Posted Sunday, 29-Mar-2015
Contributed by Bruce Linsey
One often-used game mechanic is the bluff, in which players try to convince other players that they have more power than they actually have, or are more willing to use their power than they in fact are. Bluffing games take on many forms.
The classic bluffing game is, of course, poker. It’s an integral part of
the game to get your opponents thinking that your hand is better than it really is, so they’ll drop out and let you win a pot you can’t win by sheer strength.

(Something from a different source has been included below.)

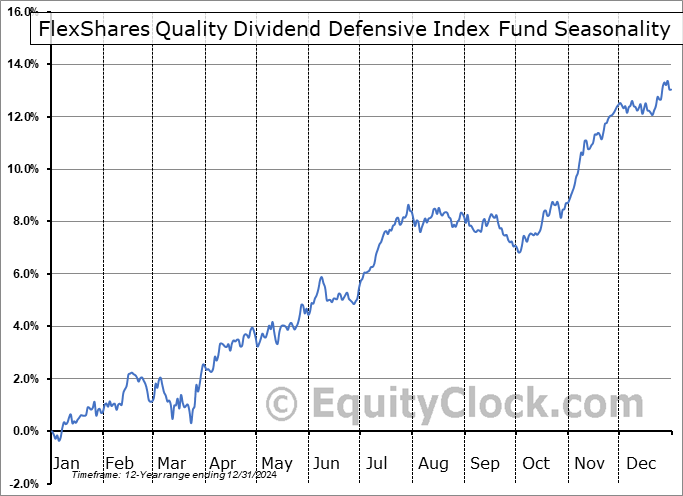 FlexShares Quality Dividend Defensive Index Fund (AMEX:QDEF) Seasonal Chart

Bluffing exists in many Euro-style games as well. In Liar’s Dice (more
accurately called Bluff in an earlier version), players roll hidden dice and bid on how many dice of a given number, such as 3, are under all players’ cups. One side of each die is a star, which is wild, adding a twist to the probability calculations.
In the hard-to-find bluffing game Aladdin’s Dragons, players bid for the right to gain gems, perform certain actions or win artifacts (which are victory points) — but the bidding is blind. That is, you can’t see what your opponent has bid for each item until all the bids have been placed, and then they’re turned up. Is that bid marker the other player just put down a paltry “1” or a powerful “9”? You may have to just guess, but it can hurt to be outguessed!
The same blind bidding mechanism is present in Ys, a bluffing game where players vie for control of different city sections. The twist is that each turn, you place one bid marker face-up and another face-down! So you need to decide not only where to place them, but which will be your (potential) bluff.
A more recent bluffing game is Sheriff of Nottingham. This game has players hiding goods or possibly more valuable contraband inside little pouches, and trying to sneak the good stuff past an ever-watchful sheriff (a role which alternates among all the players). You can even offer bribes to get the sheriff NOT to open your pouch!
Whether or not you’re good at bluffing games, they often produce much laughter and merriment as well as difficult guesses and decisions.